Threats of war
This column originally ran in ComputorEdge on February 21, 2003
Whether we want to admit it or not, war is already here. The enemy has targeted us, is amassing more weapons, and intends to win at any cost.
The Middle East?
Well, not as this is written although that may well have changed by the time you read this.
I'm writing, though, about an economic war.
Quite simply, it's time for consumers to accept the fact that the music and film industries have declared war on us, and to fight back with every tool available.
I realize that we just visited this issue two weeks ago, but the recording and film industries keep raising the stakes with their bare-fisted assault on all of our civil liberties.
The best defense
A boycott might be the best way to fight back although it was a dip in CD sales that first drove the RIAA to its present strategy of legally desperate tactics.
Still, how else besides denying them our money to we voice our displeasure? Simply don't buy any new releases no more new DVDs, no more new CDs or cassettes.
At least not until Hollywood calls a cease-fire in its all-out assault on both consumers and our constitutional rights.

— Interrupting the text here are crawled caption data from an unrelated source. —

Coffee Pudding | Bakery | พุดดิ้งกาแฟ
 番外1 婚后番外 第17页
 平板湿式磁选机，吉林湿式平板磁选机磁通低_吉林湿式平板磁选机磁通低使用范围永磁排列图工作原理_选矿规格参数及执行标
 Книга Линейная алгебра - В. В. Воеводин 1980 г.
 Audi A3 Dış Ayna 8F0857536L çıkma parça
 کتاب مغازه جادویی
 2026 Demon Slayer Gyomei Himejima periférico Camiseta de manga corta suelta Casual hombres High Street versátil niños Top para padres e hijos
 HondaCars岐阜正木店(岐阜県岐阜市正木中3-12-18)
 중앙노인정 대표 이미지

Now, this isn't easy and it's not fair to the musicians or actors.
Heck, I've been a music critic for the past 20 years. And I've been an avid music fan since my cousins Renee and Kelly came to visit us the summer I was 12 and they turned me on to Paul McCartney.
Music illuminates and informs our lives in ways that transcend our ability to describe them. It brings richness, perspective and, well, fun to our lives.
Quite simply, music matters.
But not to the point that we can in good conscience stand idly by while the recording industry attempts to rewrite the law in ways that do serious harm to society as a whole.
The latest affronts
The Recording Industry Association of America and its allies in Hollywood behave on the assumption that each of us is guilty of piracy. By trying to shut down all file-sharing services, the RIAA and Co. are seeking an unprecedented judicial assault on a generic technology, as well as on our right to have a reasonable use of the music and movies we purchase.
Even in the late 1960s, when the recording and film industries tried to block cassette tape recorders from being sold to home users (with the ultimately rejected argument that bootlegged cassettes would drive them out of business), they didn't try to ban the entire concept of recordable tapes. Reel-to-reel tape decks were never targeted, for instance.
But that's precisely the tactic the Hollywood moguls are taking this time: Napster was set up specifically to trade music files, and its demise did no damage to the rest of us. But other file-sharing technologies like Kazaa were designed from the ground floor up to be used to share files of any type or format, not just music and videos. People are using Kazaa to share all kinds of data: recipes, home photography, original sheet music.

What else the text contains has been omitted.